Les technologies d’intelligence artificielle peuvent automatiser partiellement un diagnostic. Ainsi, chaque année, les entreprises pétrolières collectent à l’intérieur de pipelines acheminant le gaz ou le pétrole dix fois la surface de Paris d’images pour détecter des fissures de la taille d’un brin d’herbe. Impossible pour des humains, cette tâche est réalisée par des logiciels, puis confirmée par des experts – créant 350 emplois et évitant de nombreuses fuites.
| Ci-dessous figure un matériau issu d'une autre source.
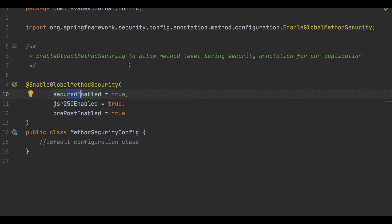The `jsr250Enabled` parameter enables JSR-250 specification annotations that Spring Security supports. The `prePostEnabled` parameter enables pre- and post-authorization annotations. For example, the `@PostAuthorize` annotation first executes your method, and before sending the response back to the client it runs post-processing logic. With these parameters set to true, your application is ready to use Spring Security annotations at the method level.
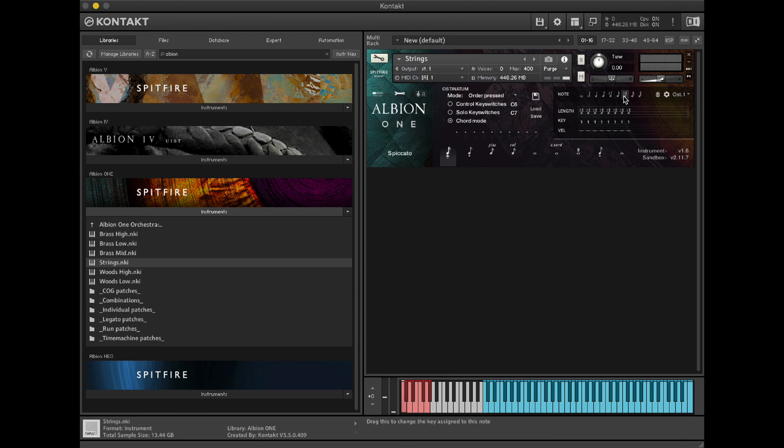You'll hear that after a while we start to get what's called the machine gun effect when we've got repeating samples happening on a regular basis. We can vary this by varying the velocity, which can be selected at the bottom of the interface here.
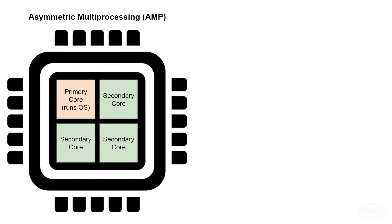The first thing we need to do is look at the difference between AMP and SMP. AMP stands for Asymmetric Multiprocessing, and this came before SMP, or Symmetric Multiprocessing.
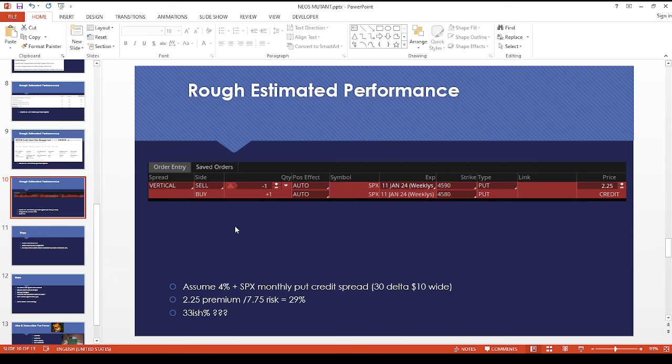What I did was I went to my Thinkorswim platform and took a stab at maybe this is what NEOS plans to do, but this is just my guess. I did a 10-point wide put vertical spread on SPX.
La maintenance prédictive réduit les arrêts de production, basée à la fois sur l’expertise des ouvriers responsables de ces équipements et l’analyse de signaux faibles permettant de réparer une machine avant qu’elle ne tombe en panne, et au moment où l’arrêt de production est le moins coûteux.
Sur un site réputé performant et réalisant la découpe de tubes, les rebuts ont été divisés par plus que deux, grâce à une application réalisée en quelques semaines et conçue pour être facilement utilisable sans formation.
Le passage du lean (amélioration de la production donnant aux opérateurs la possibilité d’identifier et de résoudre les problèmes rencontrés) au digital lean (qui dote ces méthodes d’outils flexibles, notamment de visualisation ou d’analyse) constitue lui aussi une révolution : les puristes du lean privilégient souvent le papier et le crayon afin de libérer les ouvriers de la rigidité des systèmes de production d’ancienne génération.
Repenser tout le système de production
Derrière la diversité de ces réussites, il s’agit de repenser le système de production en utilisant des technologies qui n’existaient pas lorsqu’il a été conçu (faible coût de captation, de stockage et d’analyse des données, développement et déploiement accéléré, impression 3D…). Pour cela, il va falloir doter son entreprise des bases (infrastructure, outils, talents, partenariats…) qui vont permettre à chaque site et chaque collaborateur de rendre les produits qu’ils proposent à leurs clients moins coûteux, plus fiables, plus performants et associés à de meilleurs services. Et ceci d’une multitude de façons, la plupart peu visibles d’un comité d’engagement unique.
C’est sans doute là le plus grand défi posé à l’encadrement : il s’agit en effet moins d’arbitrer des projets ou d’avoir une vision détaillée à proposer à son entreprise que de poser des principes d’architecture, d’outiller et d’inspirer une organisation pour que cette transformation se fasse en grande partie sans ses cadres.